Game companies hate emulation, but none of them seem to understand that a lot of us would just buy ROMs from them directly if we could. I don't want a fifth remake of Final Fantasy IV, I want to pay five bucks for the 3MB file you already made bank with thirty years ago. Nobody who wants to play something for the purpose of retro gaming is going to consider a $40 remake as the alternative option, and we're certainly not going to let the original dissappear. They're crying about opportunity cost for a product they're not even selling.

op i know you're probably talking about like, video games, etc, but this is also critical for research science - my lab has so much abandonware, either because the company's out of business, or the company decided to not maintain it, and it's a fucking nightmare. we have two windows 95 computers that are CRITICAL for performing experiments/data analysis because the software needed is abandonware. one of the main roles for a guy in my lab is to maintain these little dinosaurs because if they go out, we lose access to ~20 years of raw data for research. part of why is that these companies also make their own file types, and make it difficult-to-impossible to convert those file types without their specific software. by habit, i convert all research files to more generic versions (txt, pdf, tif, etc) so that i minimize risk of losing my shit, but some stuff can't be converted.

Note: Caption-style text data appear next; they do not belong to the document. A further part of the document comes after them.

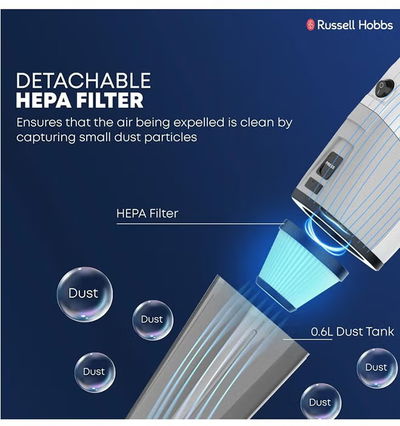 مكنسة كهربائية راسل هوبز، بقوة 600 واط، 0.6 لتر، K-22A102W - ابيض product image 3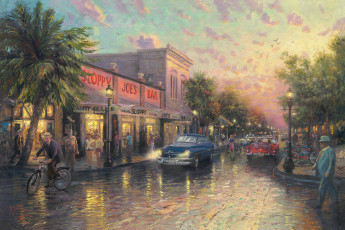 обоя key west, рисованные, thomas kinkade, город, бар, улица, пальмы, вечер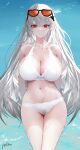  1girl arknights arms_behind_back bikini breasts cleavage eyewear_on_head grey_hair highres large_breasts long_hair looking_at_viewer navel omone_hokoma_agm red_eyes skadi_(arknights) skadi_(waverider)_(arknights) solo sunglasses swimsuit very_long_hair wet white_bikini 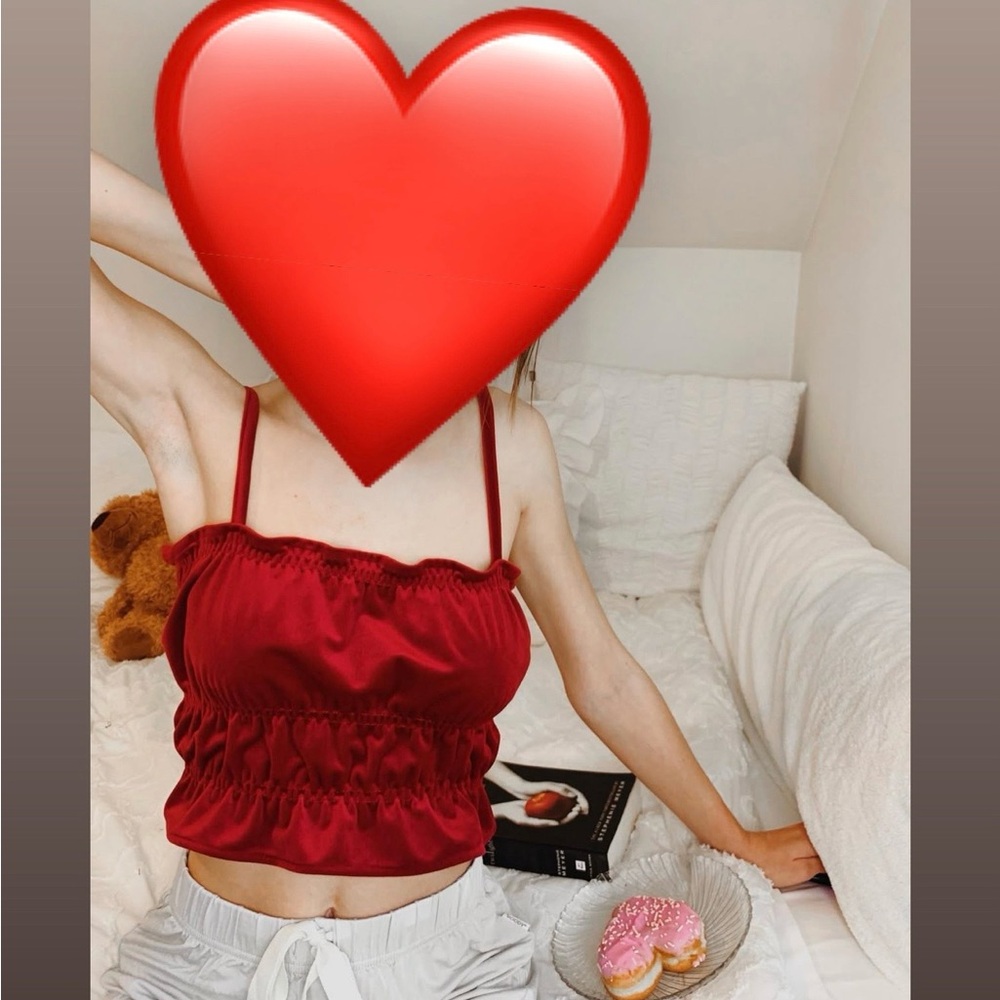 Handmade women's xs-m dark red tiered ruffle vintage renaissance style cami top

for example, we have a microscope that is perfectly functional, good microscope, but its software is abandonware because the company refused to maintain it. the company is still in business, still makes essentially the exact same software, but they made all of the old tech incompatible with new software to force people to buy the new microscope tech. it would cost a quarter million dollars to replace this microscope. this perfectly good microscope.

so like, i know a lot of people look at the original post here and go "well op just wants old video games to play" (which is valid! games companies should not be able to push shit to abandonware and then close it off) but also this is critical for like. biomedical research. if y'all had any idea how much basic infrastructure built on science relies on shit that is technically abandonware, you would probably be horrified.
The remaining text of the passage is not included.